The sudden decrease from dash speed to twelve knots created a surge of water from the stern that broached the afterdeck. But there was none of the gusto of a wave breaking over the bow, exiting quickly, foaming through the scuppers. Instead, the water sloshing against Skate from astern seemed markedly lethargic.
The starboard door of the ferry’s bridge flew open and a heavy, bearded individual stepped out, bullhorn in hand. “What in hell are you doin’?”
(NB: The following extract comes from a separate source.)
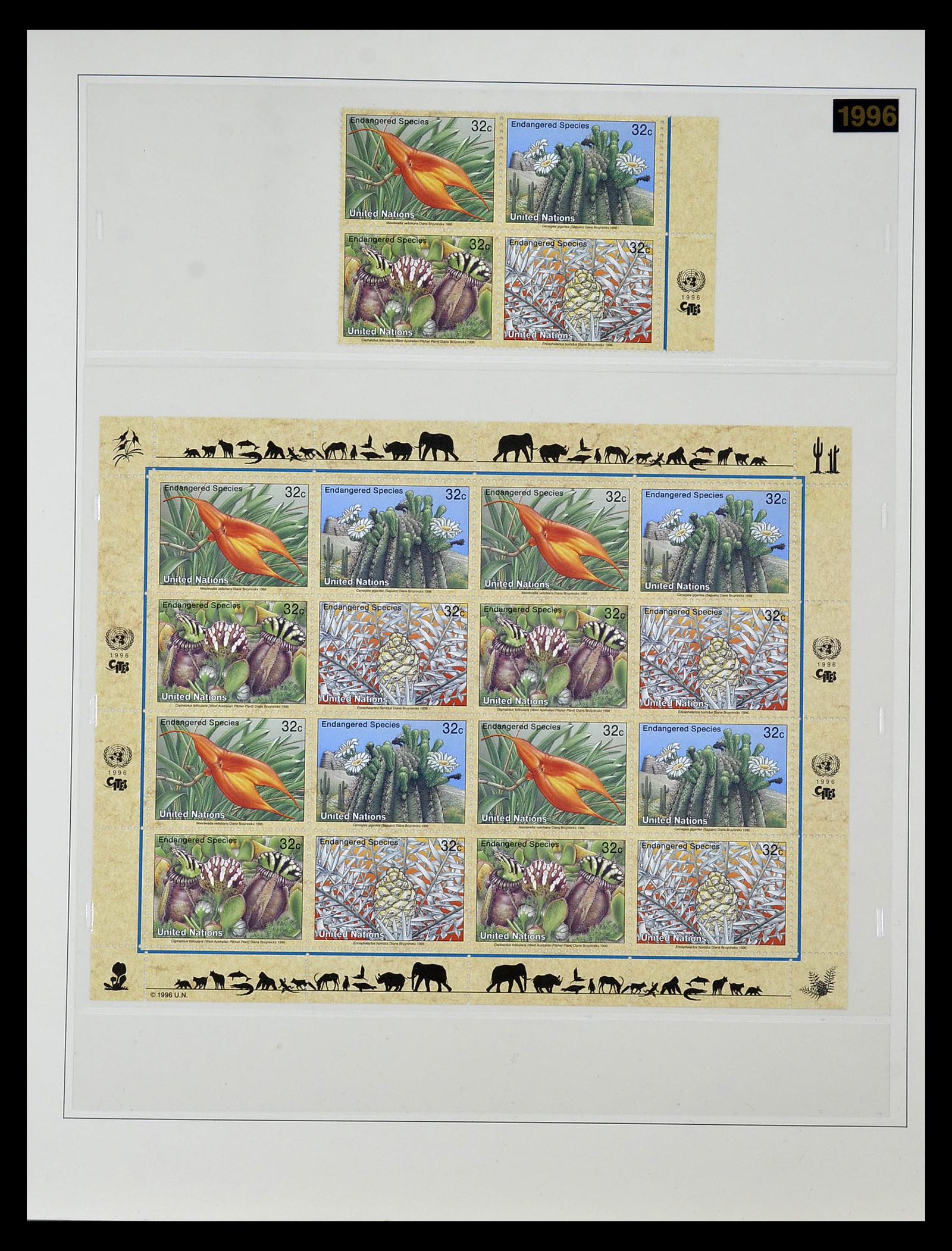 35045 0052 - Postzegelverzameling 35045 Verenigde Naties 1951-2013.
“What is your cargo?” asked Skate’s captain.
“Classified,” came the reply. “Headed for Keystone.”
“Stop your engines and prepare to receive a boarding party from USS Skate.”
“What in hell for?”
“Prepare for boarding,” Skate’s captain instructed the first officer, who gave the winch man the signal to lower the RIB.
Few reporters had qualms about using their sex appeal and charm to get a story, but Marte Price did it better than most. She had even bedded the formidable Freeman once because, she’d confided to a friend, she liked his gruff intelligence and manly disposition, so much more attractive than the petty, self-indulgent young studs of the entertainment world. Most were more interested in their coiffed hair and makeup than what was going on in the real world, where men like Freeman and his Spec Ops warriors were at the sharp end of things. So that Bel Air brats could pout over multimillion-dollar contracts, she thought, and America’s kids could go to school without living in the perpetual chaos of hatred that marked the totalitarianism of much of the non-Western world.